A comunidade do Sinclair Philips foi a primeira a levar a público sua insatisfação com a implantação do modelo integral, anunciada em agosto de 2023. Foi apontada uma série de problemas que impossibilitavam a mudança, como precariedade na infraestrutura; horário de término das aulas, que seria às 16h, quando os responsáveis pelas crianças estão no trabalho; redução do número de vagas em cerca de 50%; e extinção de turmas para estudantes de seis meses a um ano.
Outro argumento foi a violência, já que os responsáveis teriam que matricular os estudantes em CMEIs de bairros vizinhos, como Santo Antônio e Morro do Quadro, o que a comunidade considera temeroso, já que a circulação de pessoas nessas áreas não é bem vista pelo tráfico. No final das contas, foi feita uma consulta pública em que a comunidade optou pela manutenção da jornada ampliada na unidade de ensino. Essa opção contou com 124 votos. Havia, ainda, outras duas. Uma eram um processo de transição de dois anos para que se tornasse um CMEI de tempo integral, que obteve sete votos. A outra, a implantação do integral de forma imediata, que recebeu 15 votos. Um voto foi anulado por não ter marcado nenhuma das três opções.
A comunidade do CMEI Jacy Alves Fraga, em Tabuazeiro, também se opôs à forma como o modelo integral estava sendo implantada, mas conseguiu reverter parcialmente a situação. A Seme, em novembro, anunciou que os estudantes terão a opção de se matricular no modelo parcial, em horário matutino. A iniciativa, embora não atendesse plenamente o pleito da comunidade, foi considerada uma conquista, já que a gestão de Lorenzo Pazolini estava decidida a deixar como opção somente o integral.

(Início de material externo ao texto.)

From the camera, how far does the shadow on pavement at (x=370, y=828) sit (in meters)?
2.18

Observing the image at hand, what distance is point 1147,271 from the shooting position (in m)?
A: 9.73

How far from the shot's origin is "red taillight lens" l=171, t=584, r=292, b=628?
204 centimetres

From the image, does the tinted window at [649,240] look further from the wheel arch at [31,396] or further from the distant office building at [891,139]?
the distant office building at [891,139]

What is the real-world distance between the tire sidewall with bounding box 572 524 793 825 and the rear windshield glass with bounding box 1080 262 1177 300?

No entanto, por causa do atraso das obras da nova unidade de ensino, o CMEI continuou a funcionar em tempo parcial no ano letivo de 2024, com previsão de se tornar integral a partir do segundo semestre.
Outro problema é a imposição aos docentes da atuação em tempo integral, portanto, quem tem cadeira em outros municípios ou na rede estadual de ensino, teria que optar por uma delas. A tendência, neste caso, é que os profissionais saiam de Vitória, já que a cidade com menor salário para o magistério na região metropolitana.

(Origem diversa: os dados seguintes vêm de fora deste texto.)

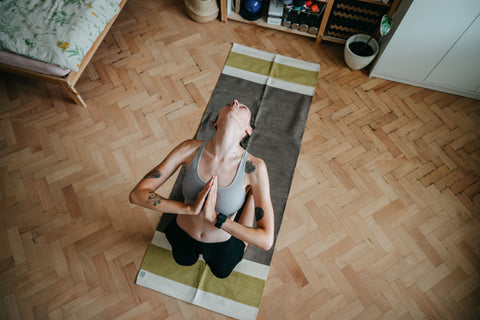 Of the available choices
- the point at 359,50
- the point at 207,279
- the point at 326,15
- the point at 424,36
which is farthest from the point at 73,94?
the point at 424,36

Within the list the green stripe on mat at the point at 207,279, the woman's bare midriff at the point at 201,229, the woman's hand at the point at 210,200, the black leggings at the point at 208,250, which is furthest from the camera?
the green stripe on mat at the point at 207,279

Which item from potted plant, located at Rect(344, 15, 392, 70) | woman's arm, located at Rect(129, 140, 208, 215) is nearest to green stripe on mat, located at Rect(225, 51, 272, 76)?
potted plant, located at Rect(344, 15, 392, 70)

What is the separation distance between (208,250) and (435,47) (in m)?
2.16

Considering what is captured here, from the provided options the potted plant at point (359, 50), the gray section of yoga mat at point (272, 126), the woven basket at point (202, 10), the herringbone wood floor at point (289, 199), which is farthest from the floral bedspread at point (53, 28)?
the potted plant at point (359, 50)

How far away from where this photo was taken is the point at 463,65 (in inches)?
87.1

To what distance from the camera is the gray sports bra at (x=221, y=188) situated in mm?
1442

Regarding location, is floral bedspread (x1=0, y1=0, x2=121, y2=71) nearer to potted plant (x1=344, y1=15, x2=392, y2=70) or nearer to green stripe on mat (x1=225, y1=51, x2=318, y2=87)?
green stripe on mat (x1=225, y1=51, x2=318, y2=87)

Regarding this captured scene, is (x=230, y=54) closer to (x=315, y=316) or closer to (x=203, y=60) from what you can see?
(x=203, y=60)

Além dos CMEIs de Tabuazeiro e Caratoíra, outras unidades de ensino se posicionaram contra a implantação do modelo integral, mas ao contrário dessas duas, não tiveram êxito em seus pleitos.
As comunidades são as do CMEIs Valdivia da Penha Antunes Rodrigues, em Santos Dumont; Magnólia Dias Miranda Cunha, na Ilha das Caieiras; e da Escola Municipal de Ensino Fundamental (EMEF) José Áureo Monjardim, em Fradinhos.
A escola de Fradinhos, segundo a comunidade, não tem infraestrutura para adotar o modelo integral. Para que a criança possa continuar frequentando a unidade, os responsáveis teriam que retirá-las de projetos sociais como os do Serviço de Convivência para Crianças e Adolescentes Caminhando Juntos (Cajuns), da própria Prefeitura de Vitória, que tem mais opções de atividades do que a proposta de tempo integral.
O horário a ser adotado a partir de 2024, das 7h às 16h30, também foi questionado pela comunidade escolar, por não levar em consideração que, no horário estipulado para a saída, os responsáveis pelas crianças estão trabalhando. Em Santos Dumont, os problemas apontados foram os mesmos. Além da falta de diálogo, a unidade de ensino, denunciou a comunidade, não conta com infraestrutura, o que impossibilita atividades como as de cultura e esporte e lazer, que deveriam passar a ser desenvolvidas.